Jungle Cruise is directed by Jaume Collet-Sera, whose previous directorial works include such films like Non-Stop, Rum All Night, and The Shallows. Given his background of directing, Collet-Sera makes Jungle Cruise his first foray into the family movie night variety, and I do have to say that I am quite impressive with what he’s done with this movie. Yes, I was quite interested to see this project when it got released, but still had some reservations about it. However, a lot of those reservations were dismissed once I started watching the movie as the feature almost felt like a throwback fantasy-esque adventure movie from the late 90s / early 00s era of filmmaking. In fact, Jungle Cruise feels almost reminiscent to both 1999’s The Mummy and 2003’s Pirates of the Caribbean, with a lot running around, daring escapes, chase sequences, and a few dark supernatural element sequences. Maybe that was the intention of Collet-Sera when he was approaching / shaping Jungle Cruise and if it was…. I fully embrace it. Heck, even the story is quite familiar and reminiscent of those two films, with the script handling by Michael Green, Glenn Ficarra, John Requa, John Norville, and Josh Goldstein, and while is a bit problematic in the narrative handling, I think that the movie is that much more enjoyable, with Jungle Cruise having that nostalgic adventure blockbuster movie of the past rather than a more modern take on the classic Disney Park ride.

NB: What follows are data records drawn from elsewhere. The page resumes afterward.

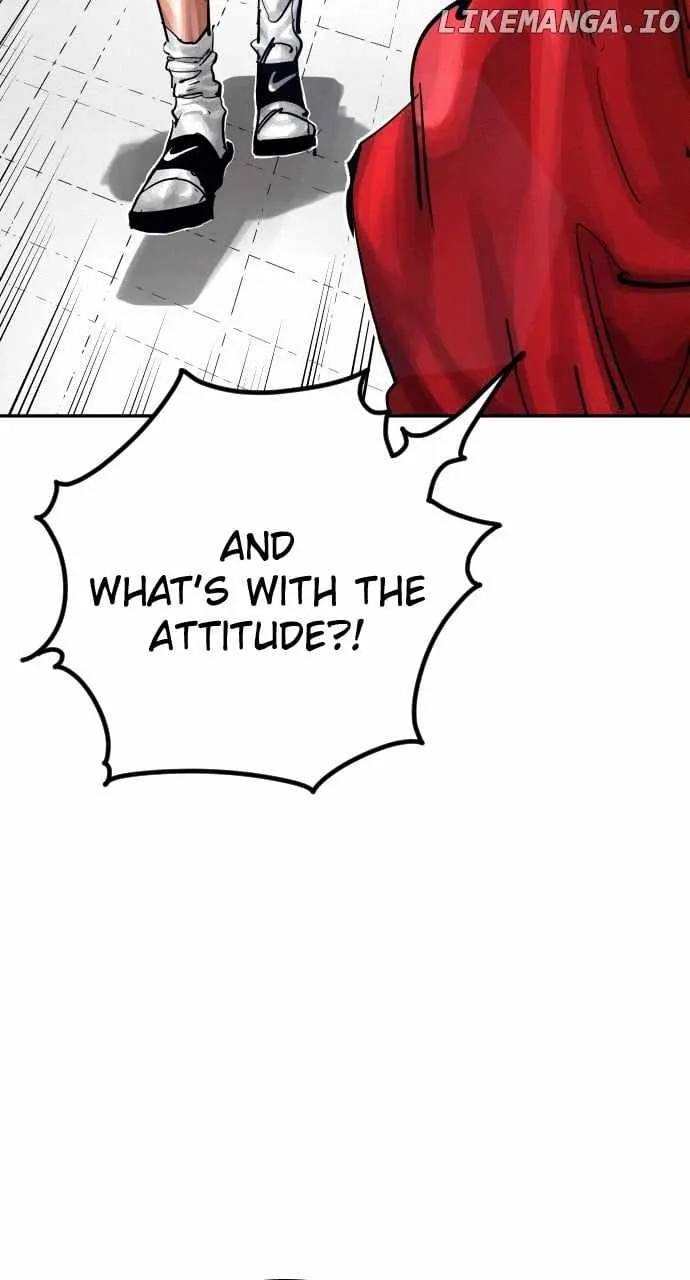 Build Up Chapter 162 page 91 - 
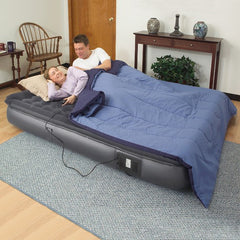 11" Pillowtop Air Bed with Remote Control by Easy Riser | ER630RAC / ER631RAC / ER632RAC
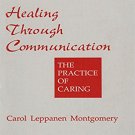 Ebook 978-0803951211 Healing Through Communication: The Practice of Caring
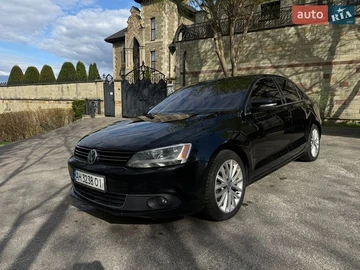 Авто Volkswagen Jetta 2014 № 8715879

I think its for that reason why I liked Jungle Cruise a bit more than the average moviegoers out there as I liked the idea of the feature having that “feeling” of a Pirates of the Caribbean motifs, aspects, and nuances rather than just a cheap knock-off.

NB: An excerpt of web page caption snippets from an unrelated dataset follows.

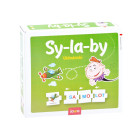 Jawa Edukacinis žaidimas „Skiemenys“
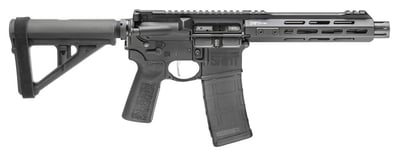 Springfield SAINT Victor 5.56x45mm 7.50" BBL Hard Coat Anodized Receiver Adjustable Magpul BTR Brace 30Rnd - $979.89 after code "WELCOME20"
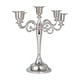 thumbnail image 1 of Candelabro American Vintage - Plata 5 cabezas, 1 of 3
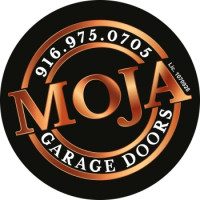 MOJA Garage Doors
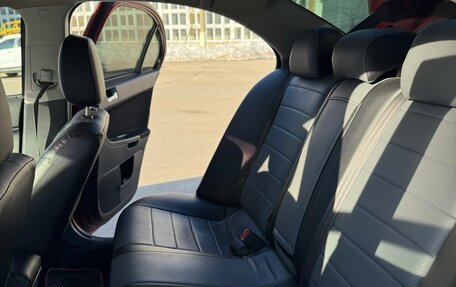 Mitsubishi Lancer IX, 2008 год, 490 000 рублей, 16 фотография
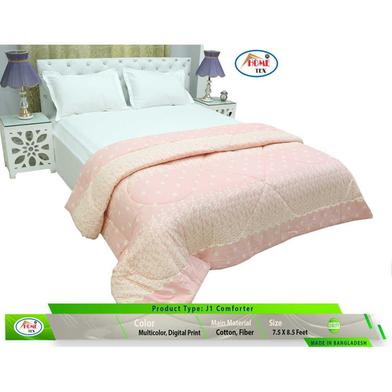 Classical HomeTex J1 Comforter image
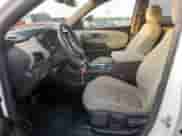 2023 Chevrolet Traverse LS с VIN 1GNERFKW7PJ330455, выставлен на аукционе Copart как лот 90587935 с пробегом 63 413 миль миль и Списание • Salvage title. История ставок и продаж доступна на DreamBid. Изображение 7.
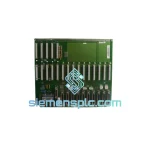 Honeywell 51402592-175 DCS Mother Board – TDC 3000 / TPS image 3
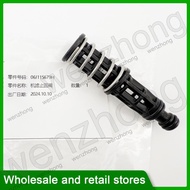 EA888 Oil Filter Connecor For Golf 7 Passat B6 B7 Tiguan Jetta A4 A3 8P A6 C6 Octavia Seat Yeti Leon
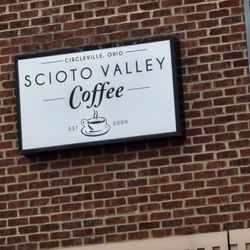 Scioto Valley Coffee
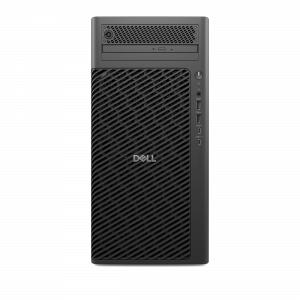 DELL Pro Max FCT2250 T2 Intel Core Ultra 7 265 16 GB DDR5-SDRAM 512 GB SSD Windows 11 Pro Tower PC Black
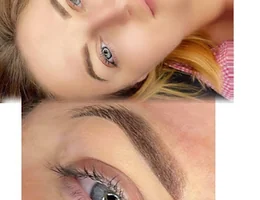 Glowmeup permanent make up Manchester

Where Collet-Sera’s strength lies is in staging plenty of action sequences within the movie; interjecting excitement and danger in almost every corner where the main characters explore. That’s not to say the movie is all “action guts” as Collet-Sera sense character-built moments where they characters have time for dialogue driven scenes. Personally, I felt that this movie was a lot of fun to watch, branching its large-scale action scenes and blockbuster flair with great ease and has plenty of entertainment value from onset to conclusion. Plus, I felt that the comedy in the film was pretty good and (much like the film itself) has that “broad feeling”, with comedic jokes and gags that will generate a good number laughs from its viewers. In short, I think that Collet-Sera did a great job in the movie; finding Jungle Cruise to slightly imperfect (more on that below), yet still manageable to be a great viewing experience for a Disney-esque blockbuster adventure film.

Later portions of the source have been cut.